# Hardware firewall for blocking Ddos.



## pliopol (Jul 26, 2008)

my setup:

Quart cab
hp proliant 1u, nginx.
hp proliant 2u, windows 2008.
hp proliant 1u, cpanel.
dell poweredge r710, centos.
24 port switch.

i basically need a hardware firewall in the rack to protect those servers, the only thing it needs to do is block ddos.

i have no idea what to choose from, i heard tippingpoint is good but there are so many different versions, i don't know if i need specific plugs on the back to be compatible with my hardware, or if i can choose any of them?

the ddos on some occasions can burst to 1Gbits/second.

thanks if anyone can advise.


----------



## Wand3r3r (Sep 17, 2010)

any soho router I have seen will stop ddos attacks.
your concern shouldn't be just for the servers but your entire network.

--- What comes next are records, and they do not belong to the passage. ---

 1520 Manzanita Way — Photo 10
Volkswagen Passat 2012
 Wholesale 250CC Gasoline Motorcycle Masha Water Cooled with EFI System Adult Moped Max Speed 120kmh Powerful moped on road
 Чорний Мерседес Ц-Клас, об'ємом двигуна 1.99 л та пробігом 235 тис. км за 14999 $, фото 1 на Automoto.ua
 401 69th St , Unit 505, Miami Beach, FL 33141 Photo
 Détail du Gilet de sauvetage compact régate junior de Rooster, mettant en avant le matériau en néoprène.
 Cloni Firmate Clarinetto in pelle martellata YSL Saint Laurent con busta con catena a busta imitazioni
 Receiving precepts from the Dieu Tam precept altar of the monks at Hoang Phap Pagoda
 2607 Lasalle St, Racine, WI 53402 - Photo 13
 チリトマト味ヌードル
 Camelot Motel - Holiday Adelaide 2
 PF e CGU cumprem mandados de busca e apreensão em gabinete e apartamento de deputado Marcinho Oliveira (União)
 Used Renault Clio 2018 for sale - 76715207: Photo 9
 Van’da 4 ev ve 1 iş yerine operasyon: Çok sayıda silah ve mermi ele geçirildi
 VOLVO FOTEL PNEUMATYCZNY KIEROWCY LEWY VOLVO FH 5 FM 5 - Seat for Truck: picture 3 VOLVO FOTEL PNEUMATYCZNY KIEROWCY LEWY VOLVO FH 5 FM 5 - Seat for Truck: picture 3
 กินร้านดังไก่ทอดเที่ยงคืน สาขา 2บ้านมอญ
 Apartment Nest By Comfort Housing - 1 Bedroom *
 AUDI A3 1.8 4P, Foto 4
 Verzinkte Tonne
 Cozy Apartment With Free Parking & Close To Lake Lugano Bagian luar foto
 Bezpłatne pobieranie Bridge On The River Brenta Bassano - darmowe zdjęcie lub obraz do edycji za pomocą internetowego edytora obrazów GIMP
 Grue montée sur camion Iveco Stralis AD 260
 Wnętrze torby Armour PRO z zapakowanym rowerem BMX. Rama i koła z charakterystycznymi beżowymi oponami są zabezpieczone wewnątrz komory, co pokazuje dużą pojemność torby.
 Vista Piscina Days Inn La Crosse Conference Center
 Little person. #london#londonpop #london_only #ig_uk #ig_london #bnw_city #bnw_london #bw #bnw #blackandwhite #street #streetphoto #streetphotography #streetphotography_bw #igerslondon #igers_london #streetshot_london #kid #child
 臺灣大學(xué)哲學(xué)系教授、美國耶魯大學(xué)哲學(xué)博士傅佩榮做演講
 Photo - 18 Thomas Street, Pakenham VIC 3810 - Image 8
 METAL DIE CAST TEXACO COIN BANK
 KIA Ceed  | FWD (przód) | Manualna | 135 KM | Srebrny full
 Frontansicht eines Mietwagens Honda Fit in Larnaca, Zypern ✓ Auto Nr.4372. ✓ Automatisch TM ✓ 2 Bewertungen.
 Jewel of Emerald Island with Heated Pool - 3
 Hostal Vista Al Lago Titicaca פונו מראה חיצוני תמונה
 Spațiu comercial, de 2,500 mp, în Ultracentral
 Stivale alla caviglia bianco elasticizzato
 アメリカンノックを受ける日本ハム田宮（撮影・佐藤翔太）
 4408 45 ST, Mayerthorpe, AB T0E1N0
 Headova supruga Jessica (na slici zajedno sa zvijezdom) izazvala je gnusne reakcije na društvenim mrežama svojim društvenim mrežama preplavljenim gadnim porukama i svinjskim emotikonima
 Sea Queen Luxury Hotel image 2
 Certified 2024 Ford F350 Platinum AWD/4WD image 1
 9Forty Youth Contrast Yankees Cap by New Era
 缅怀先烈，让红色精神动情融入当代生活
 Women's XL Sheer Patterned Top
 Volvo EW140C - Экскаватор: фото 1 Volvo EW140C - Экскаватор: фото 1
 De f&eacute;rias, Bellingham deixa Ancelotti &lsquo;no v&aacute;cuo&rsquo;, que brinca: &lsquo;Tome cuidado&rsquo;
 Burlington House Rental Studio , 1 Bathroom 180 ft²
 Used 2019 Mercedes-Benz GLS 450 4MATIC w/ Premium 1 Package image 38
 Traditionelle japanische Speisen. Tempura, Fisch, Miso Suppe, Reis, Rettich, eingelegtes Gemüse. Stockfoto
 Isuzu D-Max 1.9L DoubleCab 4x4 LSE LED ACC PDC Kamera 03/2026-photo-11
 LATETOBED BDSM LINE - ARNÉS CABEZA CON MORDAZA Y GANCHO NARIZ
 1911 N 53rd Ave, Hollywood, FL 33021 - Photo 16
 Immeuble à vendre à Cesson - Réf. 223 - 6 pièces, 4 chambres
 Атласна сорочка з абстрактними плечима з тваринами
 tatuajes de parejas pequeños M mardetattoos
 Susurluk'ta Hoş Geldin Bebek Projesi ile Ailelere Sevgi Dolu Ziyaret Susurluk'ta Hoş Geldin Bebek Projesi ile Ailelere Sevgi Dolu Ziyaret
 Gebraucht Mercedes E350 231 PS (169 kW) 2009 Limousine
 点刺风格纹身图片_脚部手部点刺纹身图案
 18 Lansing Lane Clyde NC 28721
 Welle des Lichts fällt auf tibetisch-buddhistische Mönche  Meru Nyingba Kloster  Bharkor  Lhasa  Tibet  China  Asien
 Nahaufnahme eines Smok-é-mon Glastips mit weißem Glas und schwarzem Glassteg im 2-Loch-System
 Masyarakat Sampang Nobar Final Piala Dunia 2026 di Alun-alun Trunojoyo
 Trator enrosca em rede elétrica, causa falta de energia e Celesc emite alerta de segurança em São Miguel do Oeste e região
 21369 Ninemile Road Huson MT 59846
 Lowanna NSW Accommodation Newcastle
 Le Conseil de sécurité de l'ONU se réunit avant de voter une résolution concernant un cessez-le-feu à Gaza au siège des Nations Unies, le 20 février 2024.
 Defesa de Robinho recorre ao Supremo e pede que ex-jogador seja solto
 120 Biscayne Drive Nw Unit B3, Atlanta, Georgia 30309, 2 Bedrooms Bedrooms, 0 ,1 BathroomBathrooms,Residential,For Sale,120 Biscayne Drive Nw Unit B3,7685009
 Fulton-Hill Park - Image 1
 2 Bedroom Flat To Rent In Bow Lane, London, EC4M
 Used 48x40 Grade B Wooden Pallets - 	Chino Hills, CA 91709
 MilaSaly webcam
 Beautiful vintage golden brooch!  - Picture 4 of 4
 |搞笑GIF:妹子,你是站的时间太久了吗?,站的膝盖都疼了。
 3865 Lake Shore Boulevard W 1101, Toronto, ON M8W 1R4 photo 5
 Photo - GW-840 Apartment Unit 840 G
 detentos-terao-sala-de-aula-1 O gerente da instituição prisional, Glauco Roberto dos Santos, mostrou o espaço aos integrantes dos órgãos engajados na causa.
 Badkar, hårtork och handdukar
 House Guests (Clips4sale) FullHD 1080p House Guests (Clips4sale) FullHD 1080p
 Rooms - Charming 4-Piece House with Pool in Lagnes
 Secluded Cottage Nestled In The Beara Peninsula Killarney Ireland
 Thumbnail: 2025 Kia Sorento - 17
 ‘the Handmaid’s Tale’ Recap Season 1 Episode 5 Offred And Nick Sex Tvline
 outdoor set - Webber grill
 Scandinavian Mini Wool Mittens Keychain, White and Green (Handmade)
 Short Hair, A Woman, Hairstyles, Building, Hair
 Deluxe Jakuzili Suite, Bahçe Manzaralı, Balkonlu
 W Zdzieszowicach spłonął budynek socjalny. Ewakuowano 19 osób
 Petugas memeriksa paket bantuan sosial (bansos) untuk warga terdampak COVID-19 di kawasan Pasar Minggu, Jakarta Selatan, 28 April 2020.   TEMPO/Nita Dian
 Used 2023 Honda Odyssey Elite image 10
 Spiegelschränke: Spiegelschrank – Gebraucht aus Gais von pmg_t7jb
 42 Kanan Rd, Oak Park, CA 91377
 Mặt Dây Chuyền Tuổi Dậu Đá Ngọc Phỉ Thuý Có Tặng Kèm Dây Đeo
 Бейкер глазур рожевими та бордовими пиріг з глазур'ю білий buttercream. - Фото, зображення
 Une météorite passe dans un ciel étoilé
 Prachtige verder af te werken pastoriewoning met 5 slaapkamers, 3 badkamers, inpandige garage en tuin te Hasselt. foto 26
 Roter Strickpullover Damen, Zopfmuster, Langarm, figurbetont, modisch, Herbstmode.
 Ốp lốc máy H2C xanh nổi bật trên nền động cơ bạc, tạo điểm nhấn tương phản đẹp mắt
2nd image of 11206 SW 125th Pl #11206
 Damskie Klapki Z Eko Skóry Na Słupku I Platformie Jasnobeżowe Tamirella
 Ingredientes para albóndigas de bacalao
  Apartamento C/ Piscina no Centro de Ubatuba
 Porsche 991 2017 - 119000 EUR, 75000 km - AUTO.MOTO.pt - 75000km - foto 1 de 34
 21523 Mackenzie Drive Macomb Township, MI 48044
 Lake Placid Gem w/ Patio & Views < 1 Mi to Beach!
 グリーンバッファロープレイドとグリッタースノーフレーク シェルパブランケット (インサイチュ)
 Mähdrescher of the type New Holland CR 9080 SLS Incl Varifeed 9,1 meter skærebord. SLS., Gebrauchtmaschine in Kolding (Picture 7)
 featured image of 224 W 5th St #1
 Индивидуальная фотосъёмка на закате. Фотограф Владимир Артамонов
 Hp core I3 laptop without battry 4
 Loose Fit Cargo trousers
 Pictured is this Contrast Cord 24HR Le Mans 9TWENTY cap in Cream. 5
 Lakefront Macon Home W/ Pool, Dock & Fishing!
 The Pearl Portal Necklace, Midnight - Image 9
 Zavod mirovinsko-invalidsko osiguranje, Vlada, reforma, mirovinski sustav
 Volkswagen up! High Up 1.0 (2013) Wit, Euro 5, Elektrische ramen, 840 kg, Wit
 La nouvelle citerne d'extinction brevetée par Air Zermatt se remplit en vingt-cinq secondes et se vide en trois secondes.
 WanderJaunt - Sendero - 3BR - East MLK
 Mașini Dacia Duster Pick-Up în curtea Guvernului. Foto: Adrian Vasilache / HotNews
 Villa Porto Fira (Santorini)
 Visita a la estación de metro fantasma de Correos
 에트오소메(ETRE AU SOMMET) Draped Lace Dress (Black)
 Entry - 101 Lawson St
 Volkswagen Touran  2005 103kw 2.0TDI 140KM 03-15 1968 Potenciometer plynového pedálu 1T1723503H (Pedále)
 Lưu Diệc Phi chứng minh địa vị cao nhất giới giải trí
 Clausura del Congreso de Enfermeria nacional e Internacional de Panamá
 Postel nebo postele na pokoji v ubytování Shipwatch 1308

sonicwall is a hardware firewall that has an expanded feature set with subscriptions.
if you're a linux person you can consider a pc with two nics and untangle


----------



## pliopol (Jul 26, 2008)

i should also mention that is all runs from a datacenter so my options are limited and i don't have access.

thanks.


----------



## Wand3r3r (Sep 17, 2010)

what do you mean by "from a datacenter"? Your internet connected comes thru the data center?

How are you determining you have dos attacks? if in a corp setting these attacks should never make it to your servers. This would indicate a peer to peer attack [someone inside the network ]


----------



## JMPC (Jan 15, 2011)

Worth reading:
Defeating DDOS Attacks  [Cisco Guard DDoS Mitigation Appliances] - Cisco Systems

No router or firewall is going to completely stop DOS attacks. Sure, if it's coming from one IP, no problem block the IP. A distributed large scale attack will take much more effort to mitigate.


----------



## pliopol (Jul 26, 2008)

Wand3r3r said:


> what do you mean by "from a datacenter"? Your internet connected comes thru the data center?
> 
> How are you determining you have dos attacks? if in a corp setting these attacks should never make it to your servers. This would indicate a peer to peer attack [someone inside the network ]


i'm saying the hardware is running from a datacenter, so options are limited all they will be willing to do is plugin and play i can't go messing with routers.


----------



## pliopol (Jul 26, 2008)

JMPC said:


> Worth reading:
> Defeating DDOS Attacks* [Cisco Guard DDoS Mitigation Appliances] - Cisco Systems
> 
> No router or firewall is going to completely stop DOS attacks. Sure, if it's coming from one IP, no problem block the IP. A distributed large scale attack will take much more effort to mitigate.


when i had servers at Godaddy, they use something called tippingpoint and the ddos always failed, whatever it was and however they set it up, im looking for the same similar thing.

that will be sufficient at this point.


----------



## Wand3r3r (Sep 17, 2010)

pliopol if you don't have the authority to "mess" with routers I am sure you don't have the authority to be posting for advice. 

Really should be talking to the IT folks running the datacenter. None of the ddos traffic should be making it to you. 

In other words if its getting thru the router/firewall for the datacenter you have larger issue you can not address with anything we recommend here.


----------